Hugo Boss said it expects a gradual normalization by the middle of the year and forecast that currency-adjusted sales will rise from zero to 2% for the full year, including a single digit decline in Asia/Pacific.
Its shares were up 0.3% by 1119 GMT, making them one of the few gainers on the German mid-cap index on Thursday as analysts said the full-year outlook was better than expected given the circumstances and the company hiked its 2019 dividend.
Asia/Pacific contributed 15% of the retailer’s sales in 2019, making Hugo Boss less exposed than other luxury brands like Burberry <BRBY.L>, but the region was its fastest growing, expanding 5% and at double-digit rates in mainland China.
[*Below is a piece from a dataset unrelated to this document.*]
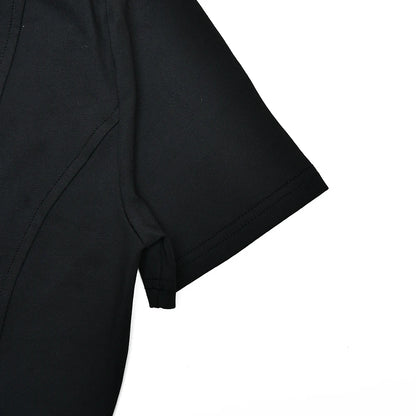 JULISSA MO Irregular Turn-down Collar Zipper Women Bodysuit Short Sleeve High Waist Bodysuit Autumn Slim Elegant Sporty Playsuit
After a very encouraging start to 2020 in the region, Hugo Boss now expects significant sales losses as more than half its 150 points of sale in China have been closed since the end of January, with shopper numbers well down at those still open.
It said there was a “noticeable decline” in sales in other key markets too.
Chief Executive Mark Langer told journalists that the first quarter hit was in the low single-digit million euros, while there was no significant negative impact on the supply chain.
It forecast 2020 earnings before interest and taxation (EBIT) of 320-350 million euros ($356-$390 million) after a 4% fall to 333 million euros in 2019 as it invested in sprucing up its store network.
Hugo Boss cut its 2019 earnings forecast in October, citing weak demand in the United States and Hong Kong, but it then went on to report better than expected fourth-quarter sales growth, helped by strong demand online and at its renovated stores.